He went into one of the security centers and suddenly he was in a room that he said looked to him like a barber shop because it had these chairs with mirrors and this whole array of – I mean it sounds almost like the back of a theater. Fake beards, adhesives, all kinds of clothing, makeup. It was all designed to –
help people who had been recruited to be informers to get away with it, to sort of pose as a homeless person, as a Bedouin, as a foreign tourist, you name it. They had everything in this place. And then adjoining it were – All kinds of technical equipment for surveilling phones, for surveilling the mail. It was just this whole enormous apparatus for spying on people.

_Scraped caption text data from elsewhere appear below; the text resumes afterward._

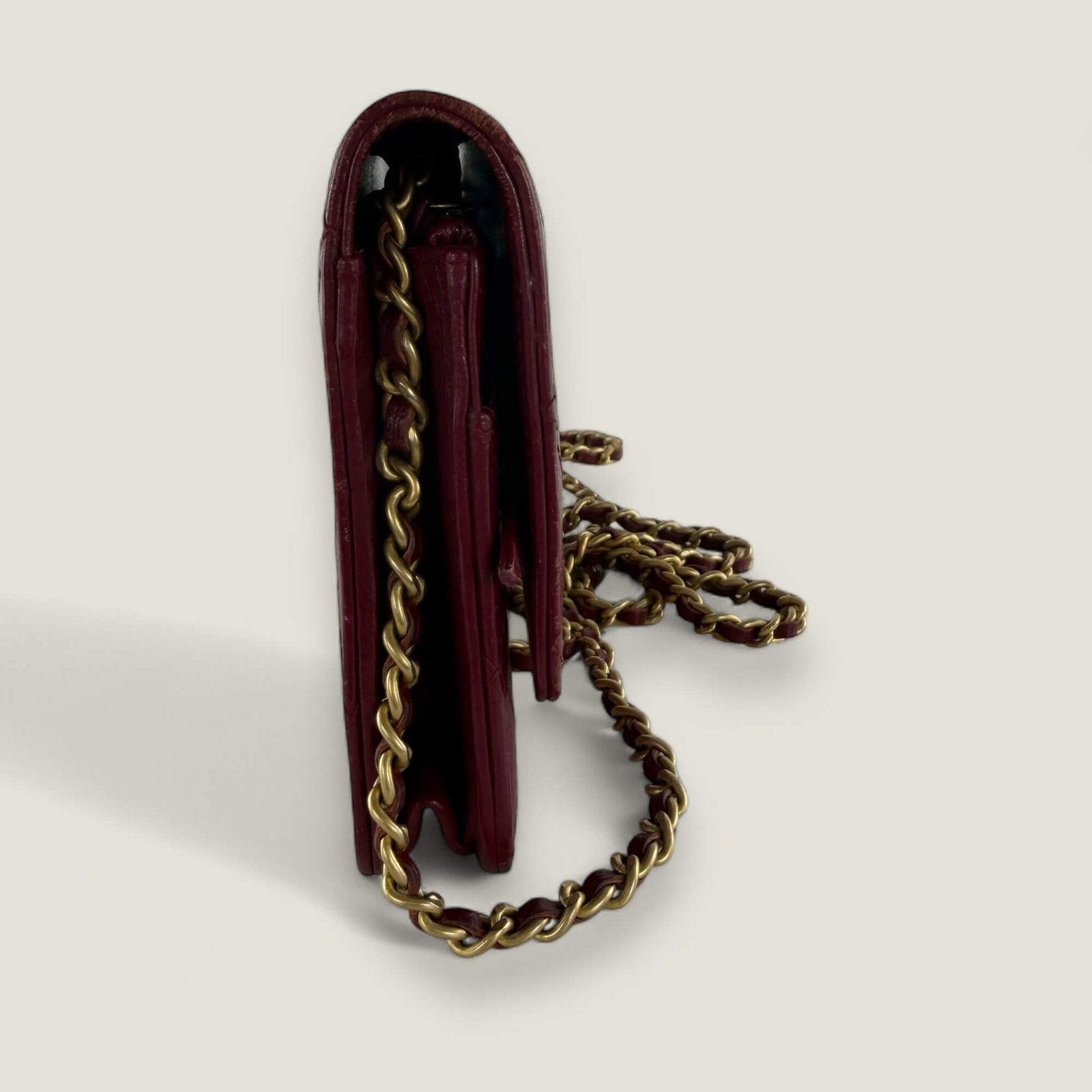Chanel 2.55 Reissue WOC zijaanzicht rood goatskin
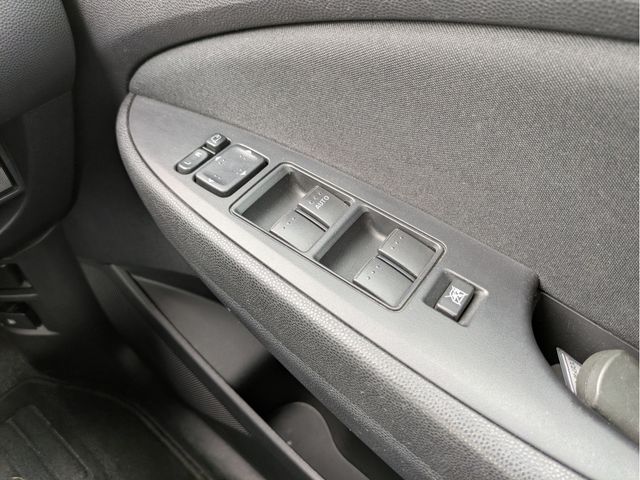 MAZDA BIANTE 2012 Image 31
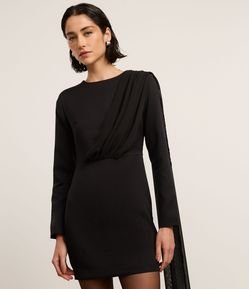 Vestido Curto em Chiffon com Lenço Longo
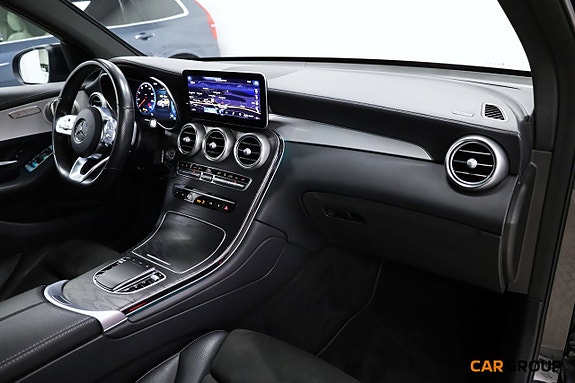 Mercedes-Benz GLC300 de 11 of 24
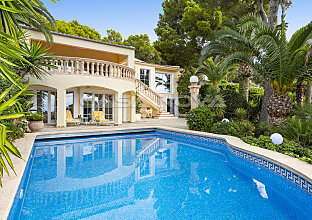 Impressive panoramic sea view villa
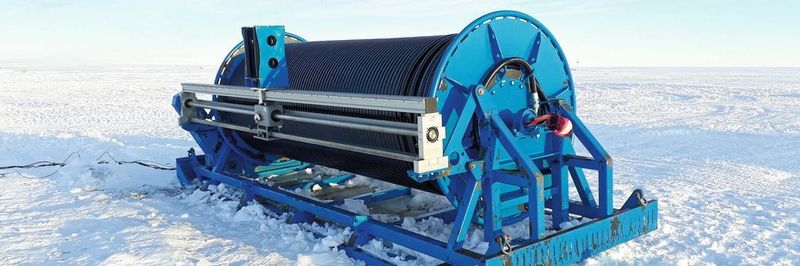 Das Uhing Rollringgetriebe wird in der Aufwickel/Abwickel-Einheit für die Heißwasserleitung eingesetzt und erlaubt den Forschenden in der Antarktik die einfache Bedienung der Anlage.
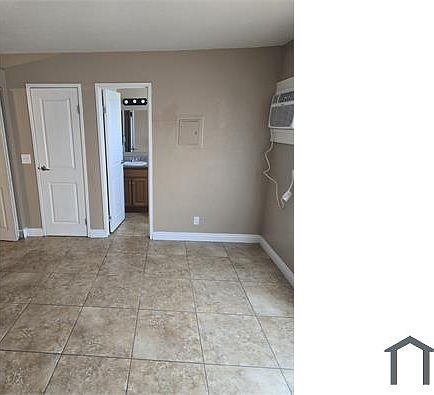 5th image of 305 N 10th St APT 9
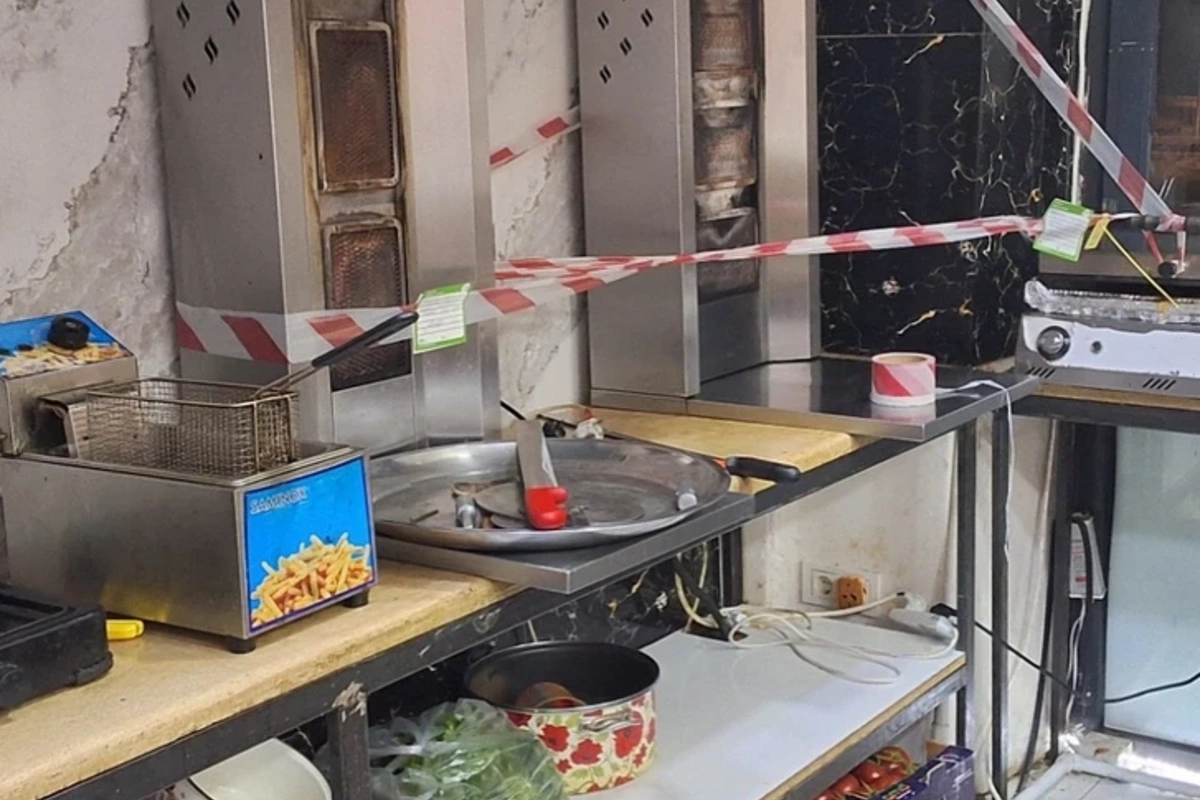 В Азербайджане закрыли донерную после массового отравления клиентов В Азербайджане закрыли донерную после массового отравления клиентов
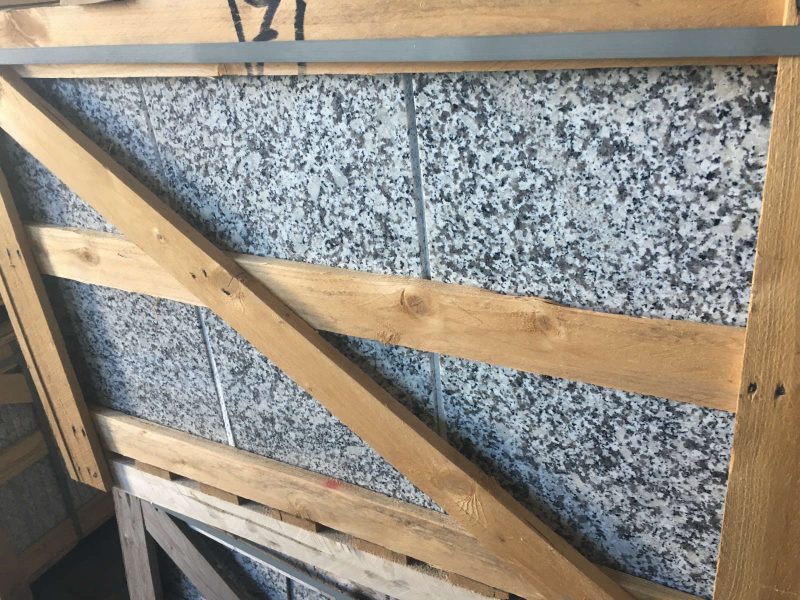 Pavimento in BIANCO SARDO PERLA 30x60 e 30x30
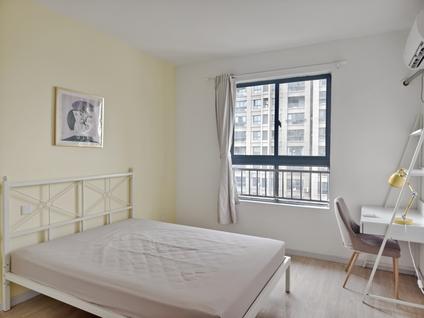 嘉定安亭合租 安亭中央公园3室1厅/12平/中楼层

And by the way, this apparatus was tens of thousands of people across Syria. You know, a lot of people are wondering how many names are we going to get people brought out and tried for these crimes. We haven't seen that yet.
So Shara is now trying to run a really large country with this, as you put it, this skeleton crew of a government made up mostly of people he's known and trusted for years, including his brother, who is the acting minister of health. And here's an example of what's happening now.
The superintendent of schools in a region where the Alawites are in the majority and the Alawites are the minority group that Assad was part of. So they're a minority group, but they were in power for years. And there's a lot of hatred of that group because of the Assad regime. So the superintendent of schools is in a region where the Alawites are in the majority.
And a video had emerged of him delivering a sermon in 2023 in which he said, "...I ask Almighty God to cleanse our eyes by purifying our country of the filth of the Alawites, Shiites, and Jews." What has the reaction been to that, to the uncovering of that video?
I think these things are especially frightening to – I mean, they're not entirely shocking because it was an Islamist-run enclave when Sharad was running it. And now they're in charge of the whole country. And if you're an Alawite, that, as you mentioned, is the sect to which the Assad family belonged. These people are terrified.
Sometimes the only local security force is some jihadist guy who probably wants to kill you. And the only reason he's not doing it is because his boss has told him not to. But that kind of discipline has broken down a lot over the past couple of months. There have been so many people abducted and murdered even before the massacre that took place. in early March.
So I think this is a big reason that many people do not trust Shara, that they fear that, you know, all of his talk about wanting to build a tolerant society is just a cover, and that once he has the power and the ability to step forth and be who he really wants to be, he'll just slaughter them all.